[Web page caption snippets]
+===+

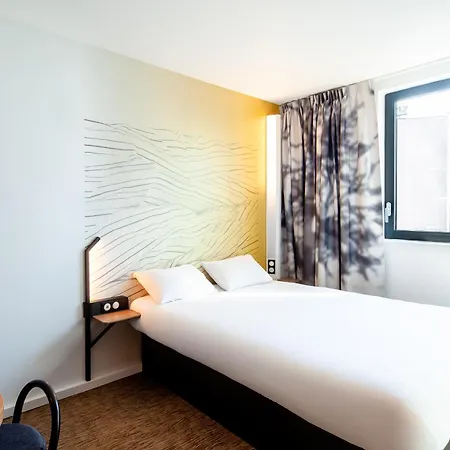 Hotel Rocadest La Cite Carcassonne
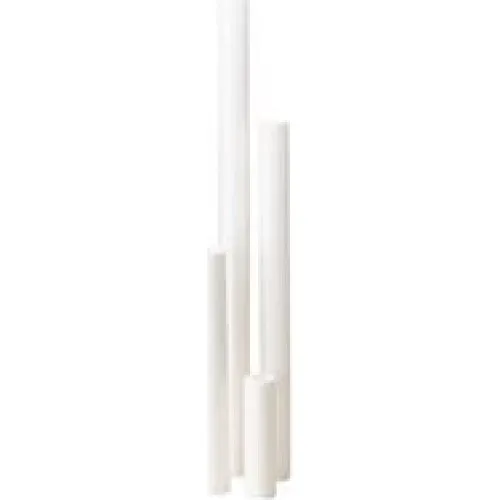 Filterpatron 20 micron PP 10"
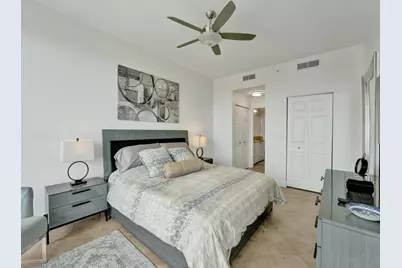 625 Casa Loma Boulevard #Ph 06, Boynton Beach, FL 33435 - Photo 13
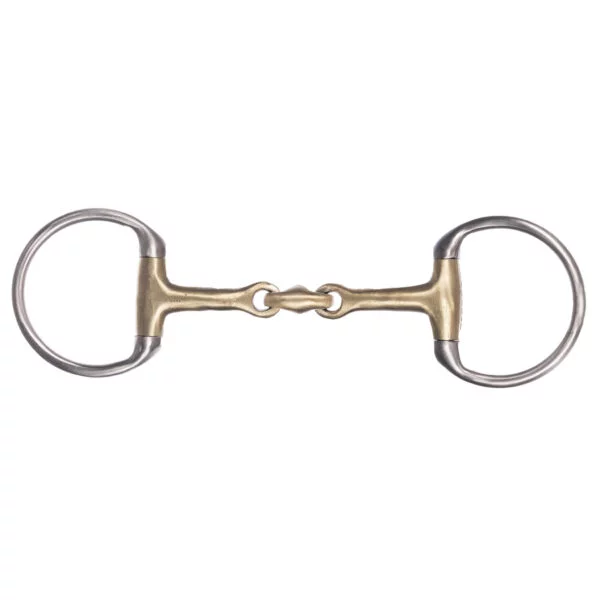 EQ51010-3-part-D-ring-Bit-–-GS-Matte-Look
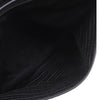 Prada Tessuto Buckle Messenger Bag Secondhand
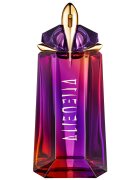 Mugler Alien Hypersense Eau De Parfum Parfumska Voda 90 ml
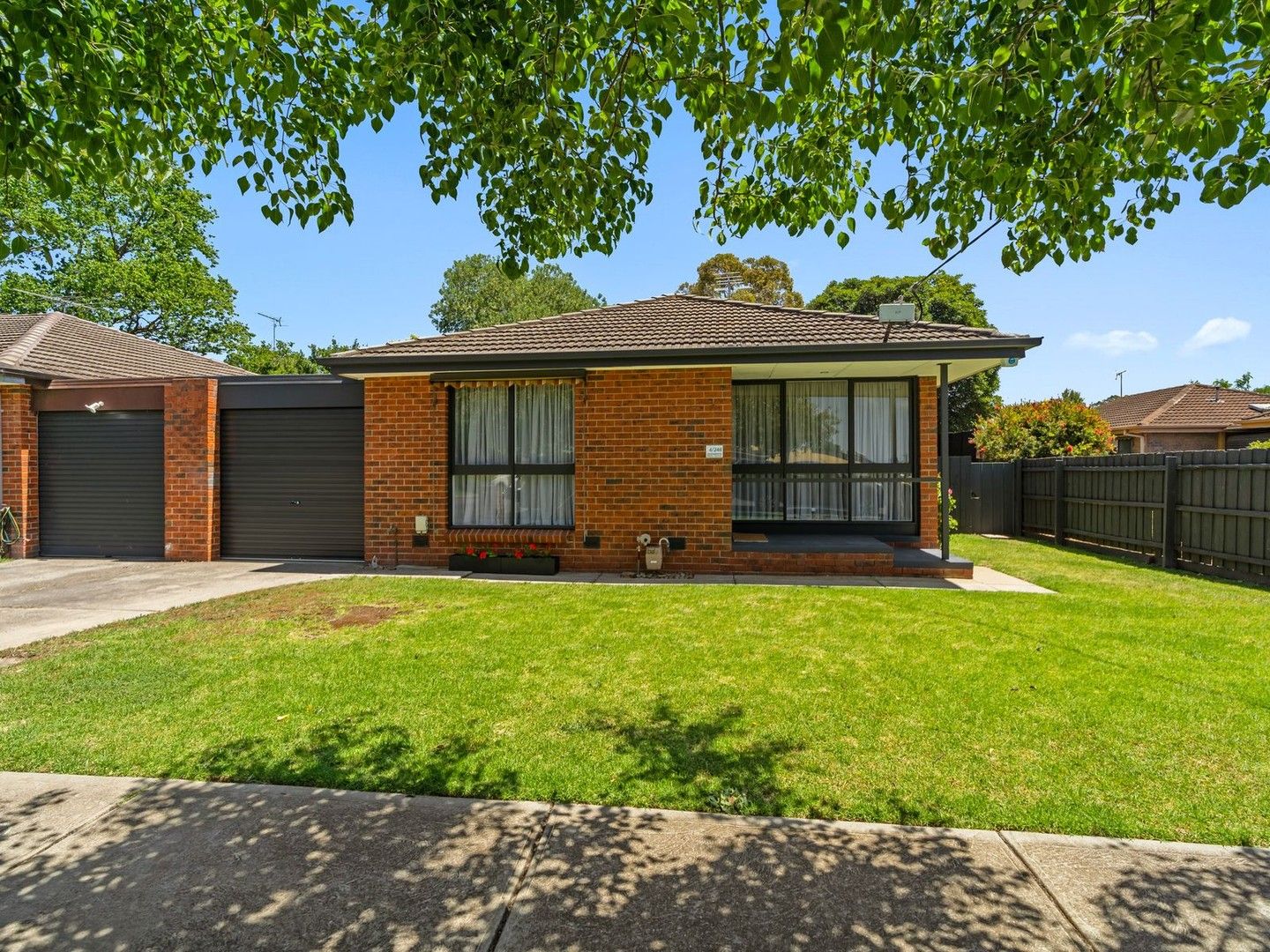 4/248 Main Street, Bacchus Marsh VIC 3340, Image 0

+===+

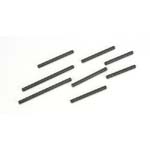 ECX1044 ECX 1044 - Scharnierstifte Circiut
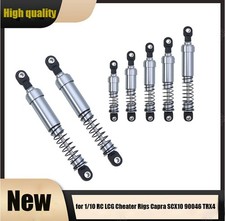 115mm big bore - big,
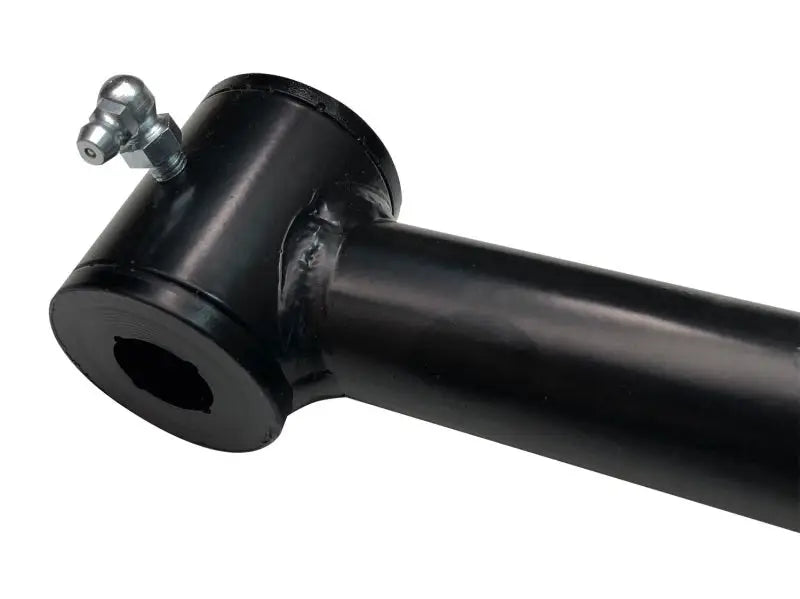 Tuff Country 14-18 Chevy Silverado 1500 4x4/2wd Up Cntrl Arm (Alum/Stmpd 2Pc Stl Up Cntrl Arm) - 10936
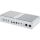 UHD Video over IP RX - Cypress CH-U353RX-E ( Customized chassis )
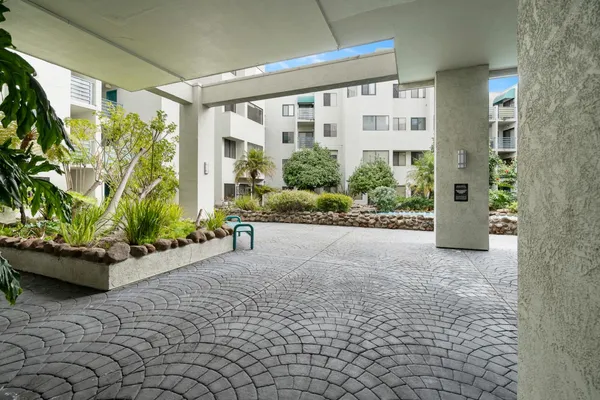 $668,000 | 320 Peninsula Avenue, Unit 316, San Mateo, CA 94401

+===+

### WORK INSTRUCTIONS
Copy word for word the span of the records above that begins at the line with "Filterpatron 20 micron" and ends at the line with "4/248 Main Street, Bacchus", including those two lines but not the pictures.

### RESPONSE BOX
 Filterpatron 20 micron PP 10"
 625 Casa Loma Boulevard #Ph 06, Boynton Beach, FL 33435 - Photo 13
 EQ51010-3-part-D-ring-Bit-–-GS-Matte-Look
 Prada Tessuto Buckle Messenger Bag Secondhand
 Mugler Alien Hypersense Eau De Parfum Parfumska Voda 90 ml
 4/248 Main Street, Bacchus Marsh VIC 3340, Image 0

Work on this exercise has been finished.